**Task details**
Transcribe word for word each line from the one containing "Android 40s MS2" to the final line of the data, both included. Skip the pictures.
Segment Open
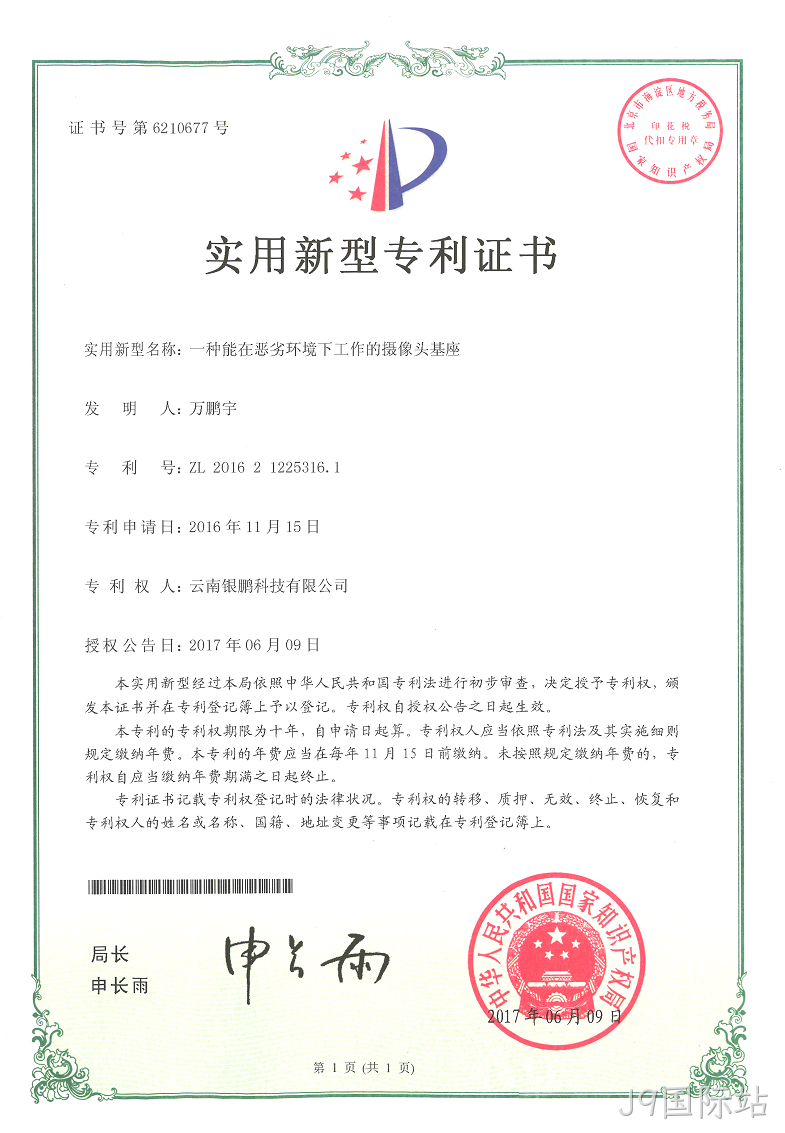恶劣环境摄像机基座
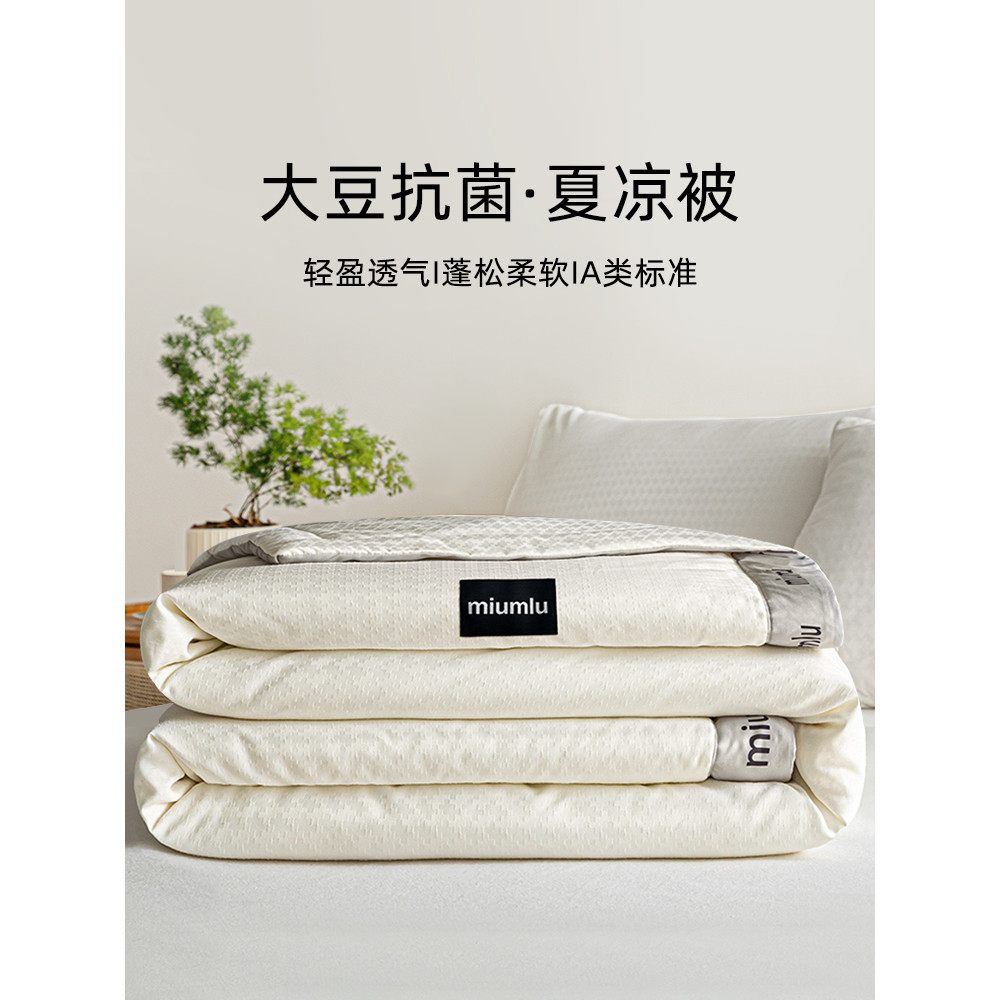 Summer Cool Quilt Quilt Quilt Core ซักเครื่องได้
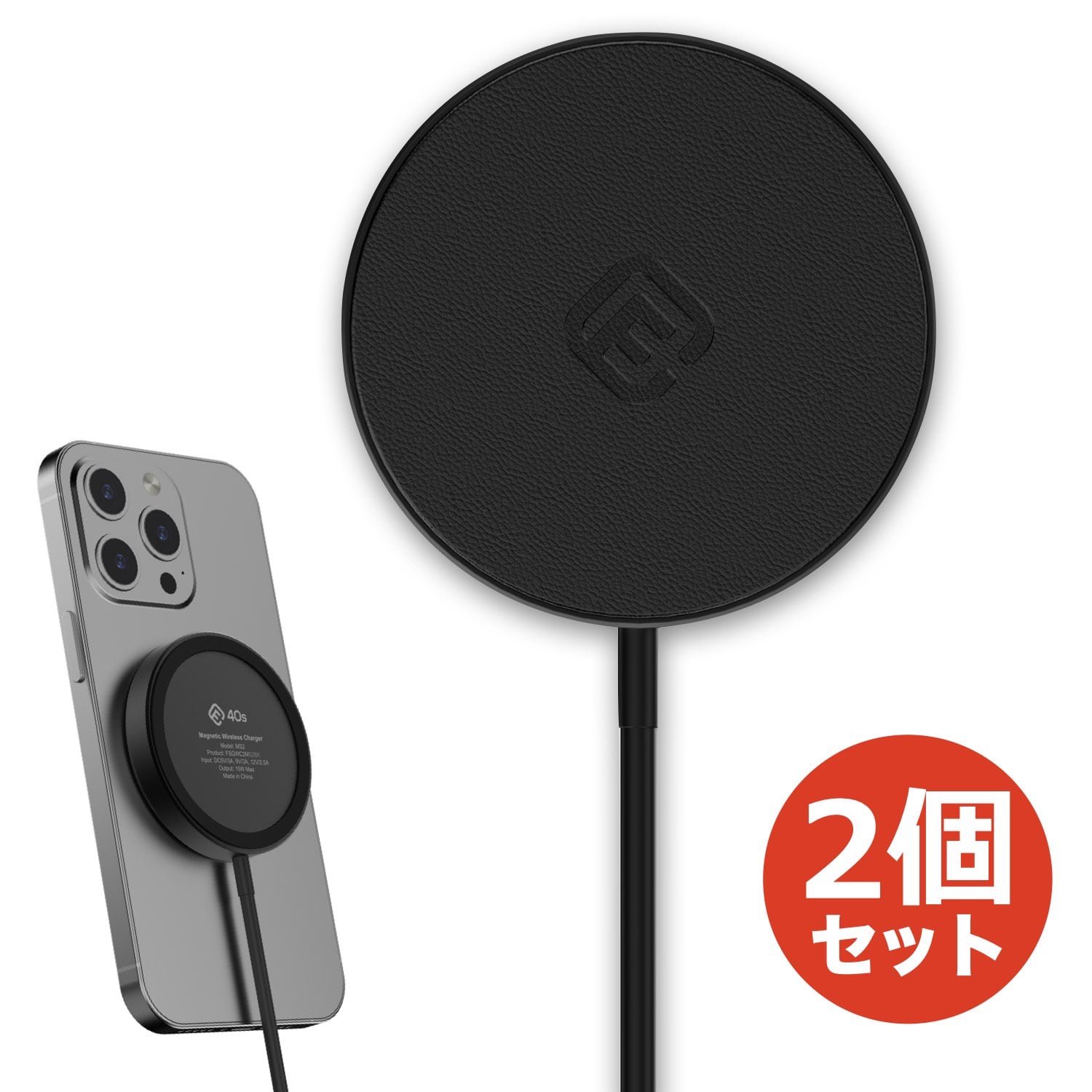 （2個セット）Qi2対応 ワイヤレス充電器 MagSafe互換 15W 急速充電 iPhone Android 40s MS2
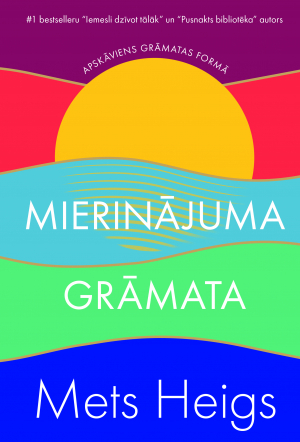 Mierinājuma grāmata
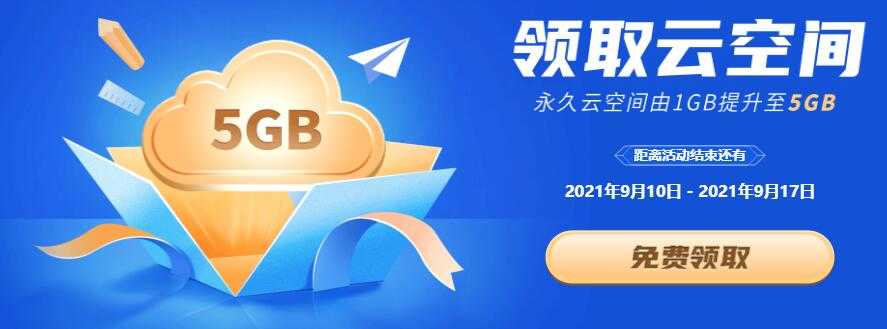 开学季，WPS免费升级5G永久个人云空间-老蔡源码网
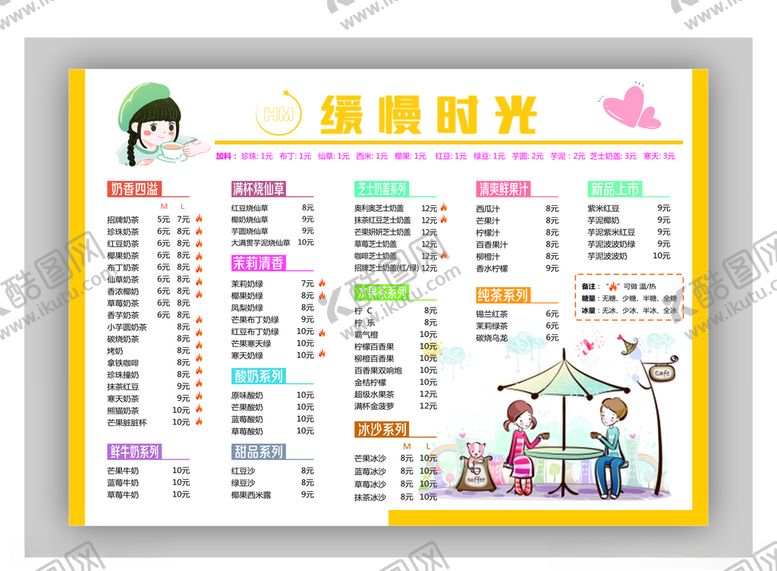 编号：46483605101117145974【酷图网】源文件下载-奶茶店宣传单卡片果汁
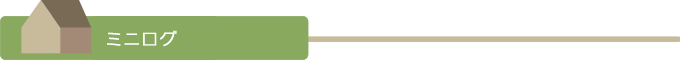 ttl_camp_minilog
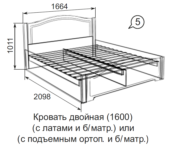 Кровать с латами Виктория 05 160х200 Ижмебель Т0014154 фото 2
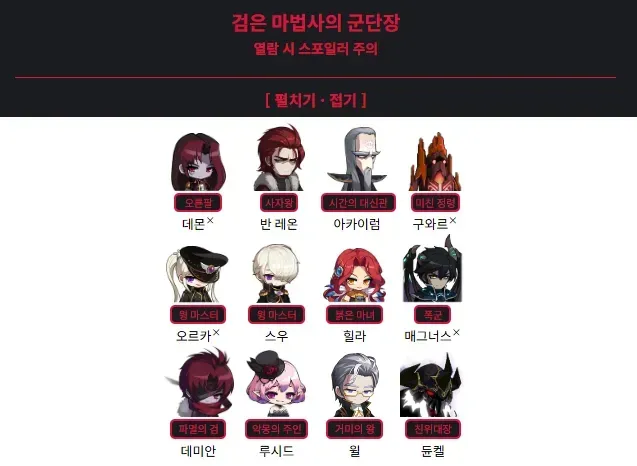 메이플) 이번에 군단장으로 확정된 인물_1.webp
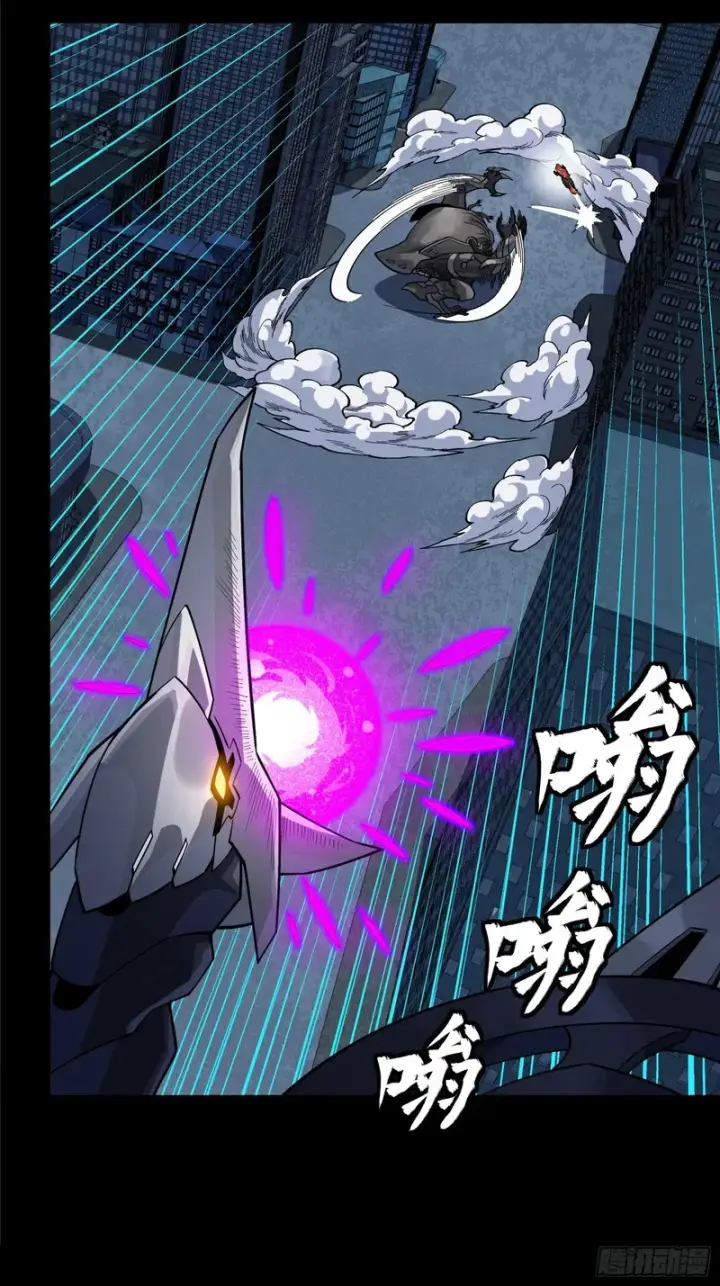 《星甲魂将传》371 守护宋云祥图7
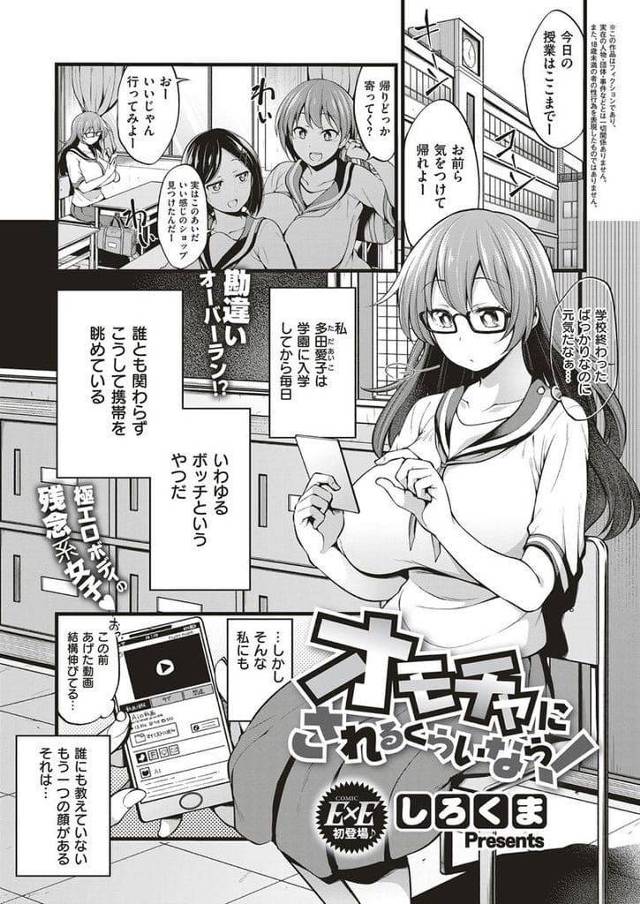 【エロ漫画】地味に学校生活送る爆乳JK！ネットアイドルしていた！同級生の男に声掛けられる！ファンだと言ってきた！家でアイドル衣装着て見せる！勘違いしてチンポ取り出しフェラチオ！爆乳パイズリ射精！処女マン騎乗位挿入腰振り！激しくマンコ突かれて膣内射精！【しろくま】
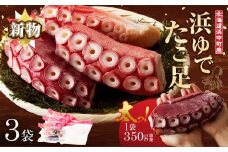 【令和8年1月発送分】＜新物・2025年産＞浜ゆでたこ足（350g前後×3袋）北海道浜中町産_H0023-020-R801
Segment Closed
**Response area**
 （2個セット）Qi2対応 ワイヤレス充電器 MagSafe互換 15W 急速充電 iPhone Android 40s MS2
 Mierinājuma grāmata
 开学季，WPS免费升级5G永久个人云空间-老蔡源码网
 编号：46483605101117145974【酷图网】源文件下载-奶茶店宣传单卡片果汁
 ttl_camp_minilog
 Кровать с латами Виктория 05 160х200 Ижмебель Т0014154 фото 2
 메이플) 이번에 군단장으로 확정된 인물_1.webp
 《星甲魂将传》371 守护宋云祥图7
 【エロ漫画】地味に学校生活送る爆乳JK！ネットアイドルしていた！同級生の男に声掛けられる！ファンだと言ってきた！家でアイドル衣装着て見せる！勘違いしてチンポ取り出しフェラチオ！爆乳パイズリ射精！処女マン騎乗位挿入腰振り！激しくマンコ突かれて膣内射精！【しろくま】
 【令和8年1月発送分】＜新物・2025年産＞浜ゆでたこ足（350g前後×3袋）北海道浜中町産_H0023-020-R801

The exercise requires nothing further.